Change 486843 had a related patch set uploaded (by Rxy; owner: Rxy):
[operations/mediawiki-config@master] Enable CheckUser at Beta Cluster

https://gerrit.wikimedia.org/r/486843

Checkuser is purposely disabled on beta due to privacy reasons, see T175197#3587005 and T104883#1431147

if needed, I can disabled for using checkuser for non specified users.
Your pointed tasks are both is targeted to antispam. but this task is not so. I need a testing for Global CheckUser function before directly deploying to production.

Also I can view the User IP address, User Agent , and salted hash password via accessing from ssh.

Yeah but to SSH in you would've had to agree to the labs TOU at some point. I don't think that's needed to hold on-wiki flags.

In T214820#4914357, @Krenair wrote:

Yeah but to SSH in you would've had to agree to the labs TOU at some point. I don't think that's needed to hold on-wiki flags.

sure. Ok, I'm now added setting for use CheckUser tool restriction.

Krenair is correct, and I also think that enabling CU on Beta is not a great strategy.

There may be other reasons that I am not aware of, but the main reason behind this request is perhaps to have a test platform with some diverse CU data. That, indeed, signifies how poorly the CU code is right now, in terms of unit tests, as well as the need for a maintenance-type script that could populate fake CU data on a test wiki. Instead of working around these, I think the right solution is to augment the code and make it easier for you and future developers to have the ability to test CU without needing to collect real-world data on a test wiki.

While I trust @Rxy in this case, as @Huji brings up in the future something else like populating fake CU data would be ideal. Perhaps for this one time, we can allow it, but then we should make an effort in finding another way for the future.

In T214820#4914419, @Huji wrote:

Krenair is correct, and I also think that enabling CU on Beta is not a great strategy.

There may be other reasons that I am not aware of, but the main reason behind this request is perhaps to have a test platform with some diverse CU data. That, indeed, signifies how poorly the CU code is right now, in terms of unit tests, as well as the need for a maintenance-type script that could populate fake CU data on a test wiki. Instead of working around these, I think the right solution is to augment the code and make it easier for you and future developers to have the ability to test CU without needing to collect real-world data on a test wiki.

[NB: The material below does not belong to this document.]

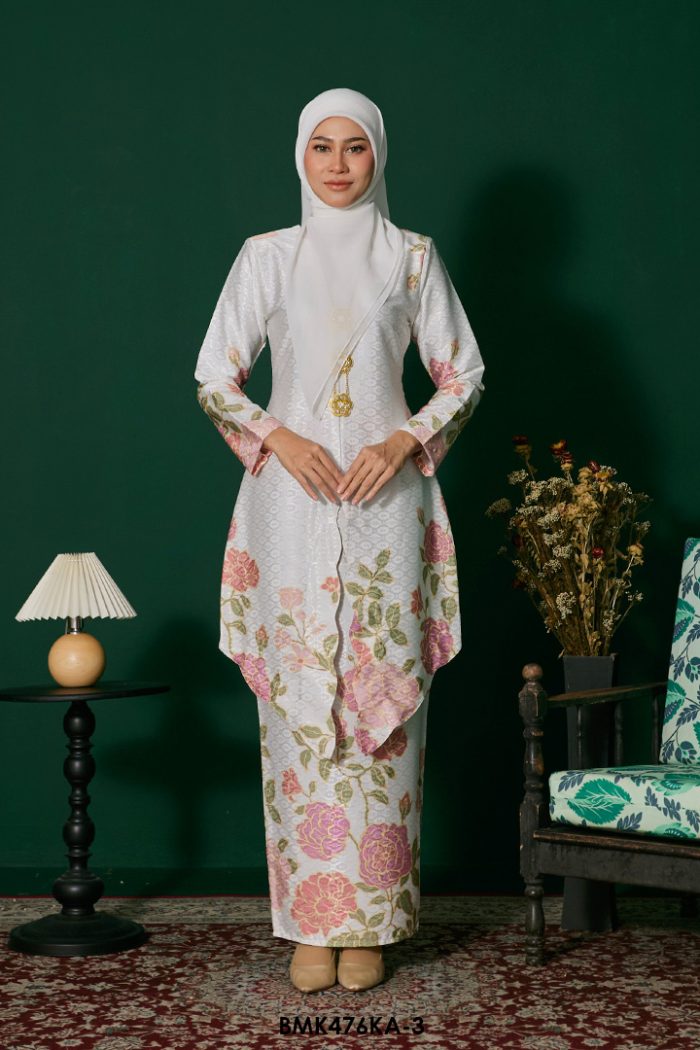 Kebaya Anggun Batiq Mia 2.0 in White (BMK476KA-3)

Thanks for comment. yeah, we need that. but for now, that solution is not exist and I need a testing in beta site before deploying production.

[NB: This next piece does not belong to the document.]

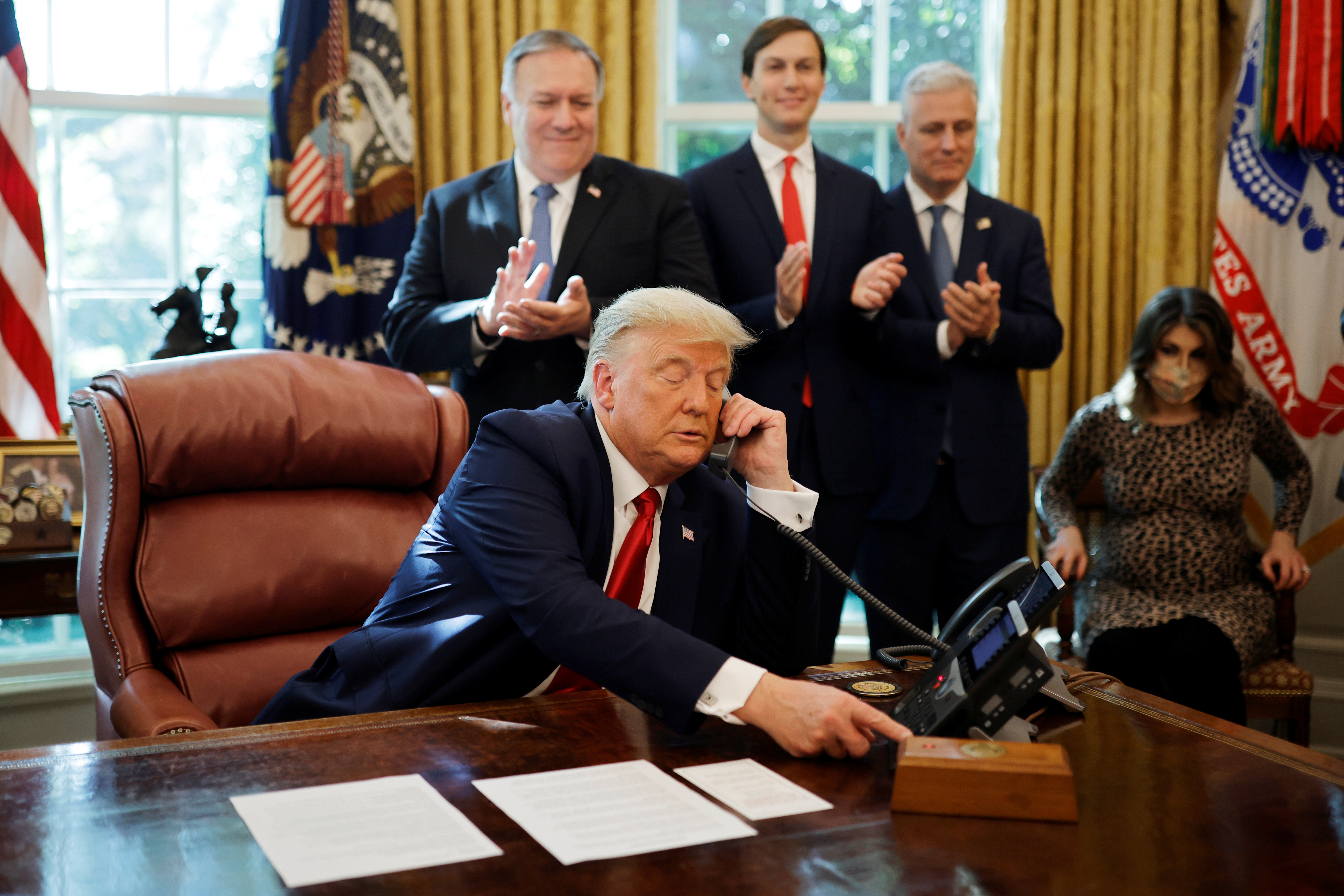 Trump durante su llamada con los jefes de Estado de Israel y Sudán. Foto: REUTERS/Carlos Barria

In my plan, Global CheckUser tool is depends to CentralAuth for finding local user account. WMF setting is not reproducible for easily. I have CentralAuth installed wikis cluster in my development environment, but not complitely reproduce for WMF settings.

On one hand, this is a project management question. Do we want to make an exception (as @Zppix suggested and @Rxy desires), and let this get to the production faster, or do we want to use this bottleneck and require @Rxy to solve this issue (of inability to test CU code easily) once and for all.

I think this issue is chronic enough, and finding an interested and capable programmer (like Rxy) to work on CheckUser is rare enough, that we should not lose the opportunity to solve the testing issue. If we let this one pass by as an exception, it will probably take years until another interest user is stuck in this situation and would realize the importance of creating a script to generate fake data.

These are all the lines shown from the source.